→ **Exercise requirements**: In the records below, find the line with "2-к квартира, посуточно, 45м2, 1/1 этаж" and the line with "Se pagará el"; return exactly those lines and every line between them.

→ **Data supplied**:
● ● ● ● ● ● ●

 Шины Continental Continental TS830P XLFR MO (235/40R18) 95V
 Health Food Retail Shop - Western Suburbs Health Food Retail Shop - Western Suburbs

● ● ● ● ● ● ●

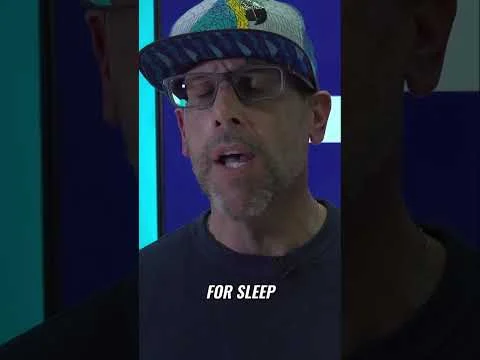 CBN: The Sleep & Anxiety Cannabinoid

● ● ● ● ● ● ●

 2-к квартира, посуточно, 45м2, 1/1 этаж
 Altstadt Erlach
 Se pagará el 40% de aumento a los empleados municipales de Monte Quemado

● ● ● ● ● ● ●

→ **Answer to the exercise**:
 2-к квартира, посуточно, 45м2, 1/1 этаж
 Altstadt Erlach
 Se pagará el 40% de aumento a los empleados municipales de Monte Quemado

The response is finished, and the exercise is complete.